By Lynn Petrak - 08/21/2017

Breakfast is on the move. These days, it’s an all-day way of eating, as people spoon cereal, toss a muffin into a backpack, pick up an egg-cheese-and-veggie burrito or crank up the juicer at virtually any time.

Industry insights back up the notion that as the clock has opened up for once-morning-only meals, the timing is right for new ways of developing and selling breakfast foods and beverages, both in packaged products and in supermarket-prepared meals.
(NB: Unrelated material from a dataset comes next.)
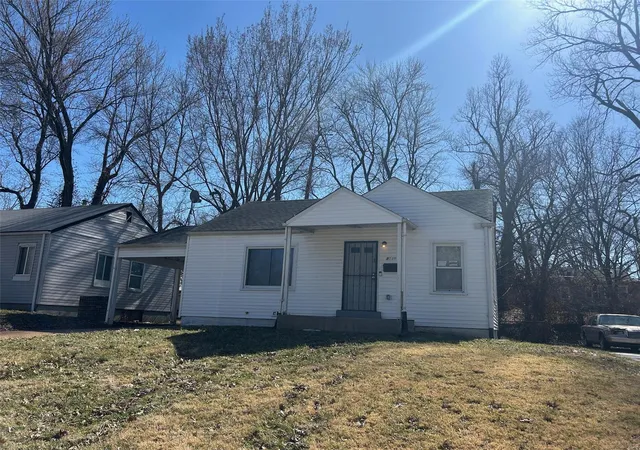 Photo 1 of Single family home for sale at 8010 Busiek Ave, Saint Louis, MO 63134 | MLS# 25014310 | Listing updated on 2025-03-11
According to the NPD Group, based in Port Washington, N.Y., the consumption of breakfast and morning snacks at home and away from home will grow 5 percent through 2019, outpacing the expected overall population growth of 4 percent.
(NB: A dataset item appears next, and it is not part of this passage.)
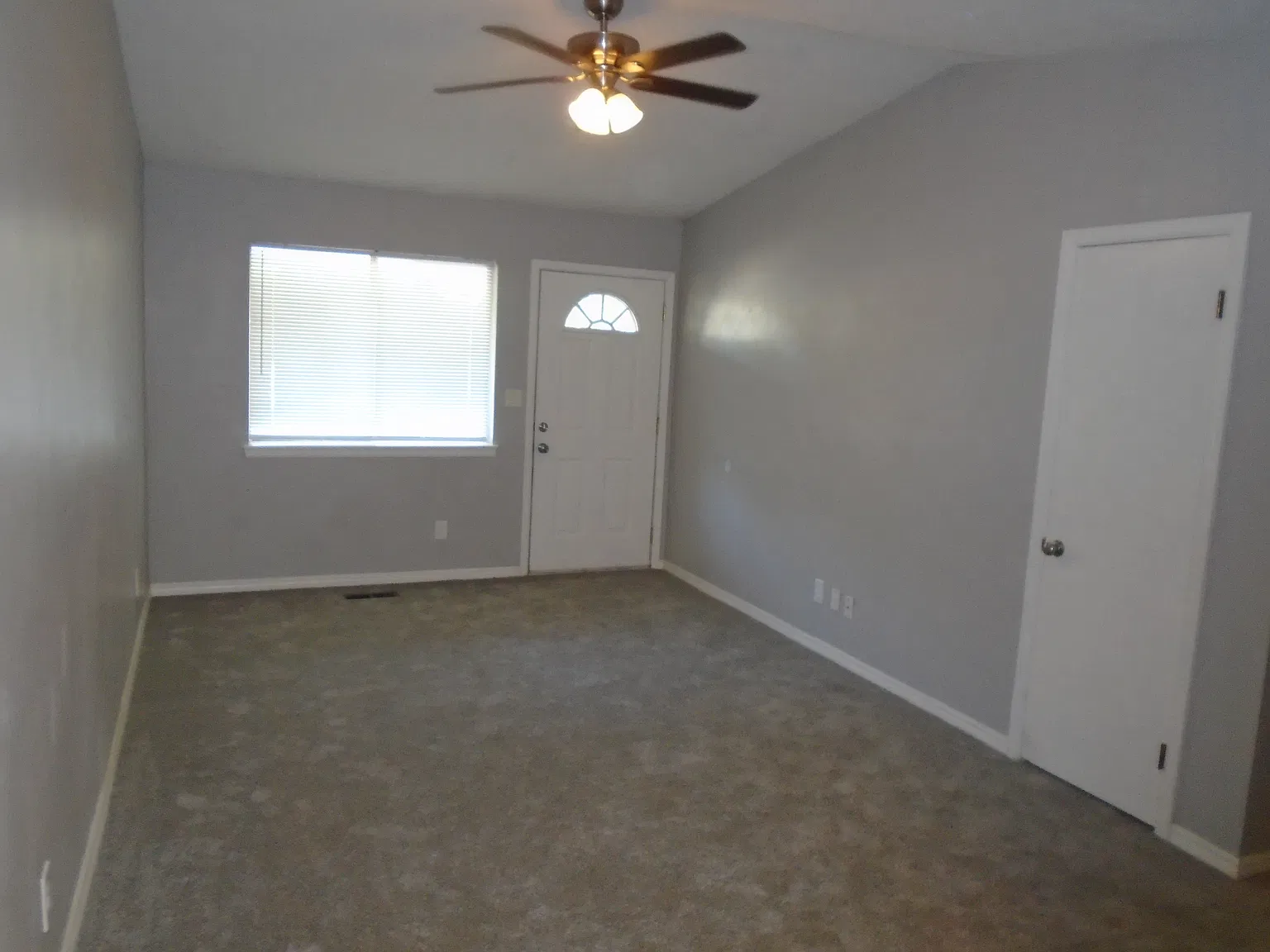 3 bed, 1311 sqft, $1,600 — Photo 4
In its 2016 “What’s for Breakfast” report, Chicago-based research firm Mintel found that consumers were open to the idea of breakfast foods for lunch and dinner. Earlier this year, Forbes magazine listed “Breakfast, updated” as one of the top five food trends for 2017, a trend that encompasses all-day breakfast as well as different and trendy breakfast foods.

Phil Lempert, author and speaker at SupermarketGuru.com, says that the expansion of breakfast stems from a variety of lifestyle shifts.
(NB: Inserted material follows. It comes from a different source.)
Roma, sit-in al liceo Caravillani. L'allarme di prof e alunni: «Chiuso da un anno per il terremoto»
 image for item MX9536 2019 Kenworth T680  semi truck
“Not only have people changed the model of working from 9 to 5 and are now working all day, but breakfast foods -- in particular, egg dishes -- are easy and relatively inexpensive,” he points out. “That appeals to Millennials, who like to customize and like value.”

Prepared Foods

The all-hours drive for convenience and concurrent clamor for choice are evident in the expansion of prepared breakfast foods in many traditional and specialty markets. Whether offering something as simple as a breakfast sandwich and coffee, setting up a hot-food bar with different egg-based dishes and build-your-own oatmeal, or adding more breakfast-menu items to a grocerant area, stores are recognizing and, in some cases, latching onto the success that many quick-service restaurants have had with breakfast foods.

In its most recent data on this segment, The Nielsen Perishables Group reports that sales of deli prepared breakfast foods are up 12 percent in dollars and 5.5 percent in volume over the past year; much of that growth, according to Schaumburg, Ill.-based Nielsen’s research, has been driven by items like breakfast sandwiches and quiches, both of which ticked up double digits in growth and volume.

“Convenience is likely the most important attribute consumers want from their grocery store when it comes to breakfast products, especially if it will rival weekday on-the-go options,” observes Sarah Schmansky, director at Chicago-based Nielsen Fresh. “However, variety in the assortment, including a little bit of indulgence for weekend breakfast occasions, while having healthful options for during the week, is also important.”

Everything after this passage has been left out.